You will need one defrosted Rhodes bread dough rolled out to roughly a 9x13 size, cornmeal, salami slices, sliced deli ham, large pepperoni slices, grated mozzarella cheese, provolone slices, Italian seasoning, olive oil and water.

Start by layering the meat--ham, salami and pepperoni, then sprinkle with a little Italian seasoning.

Follow that with the provolone slices and shredded mozzarella. Give it another little sprinkle with Italian seasonings.

Fold over dough and wet edges with water.
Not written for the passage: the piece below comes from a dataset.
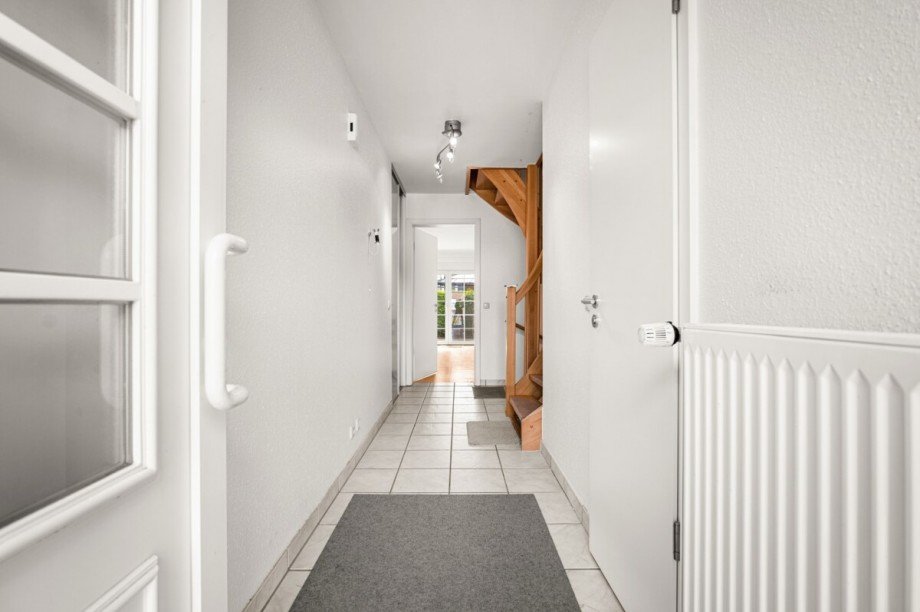 Flur EG Doppelhaush�lfte Norderstedt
Once completely sealed, brush with olive oil and sprinkle with cornmeal. Transfer to baking sheet cornmeal side down. Then repeat with the top side--brush with olive oil and sprinkle with cornmeal.

If you have big hungry family of boys like me, you will need to make two:) It is really good and goes fast, trust me!

Bake in a 375 preheated oven for 20-25 minutes or until golden brown. Serve with your favorite marinara sauce and enjoy! My favorite sauce is a 5 Minute Marinara found here.

Stromboli
Rhodes bread dough
1/4 lb ham, sliced
1/4 lb hard salami slices
1/4 lb large pepperoni slices
1/4 lb provolone
1-2 cups mozzarella cheese
1 tsp Italiam seasoning
olive oil
cornmeal
Set out bread dough to thaw. Once thawed, spread the dough out on a cookie sheet or silpat (which works perfect). Layer the ham and then the salami and pepperoni along the middle of the dough going lengthwise. Sprinkle with 1/4 tsp each of basil and oregano then layer on cheeses. (I used approximately 1 cup shredded mozzarella but it’s entirely up to you how much you want!) Sprinkle with remaining basil and oregano. Wet edges of the dough and fold over the long edges and roll up the ends. Brush olive oil over dough and sprinkle lightly with corn meal. Carefully flip stromboli over and repeat on other side. Bake at 375 degrees for 20-22 minutes. Serve with hot marinara sauce for dipping. Enjoy!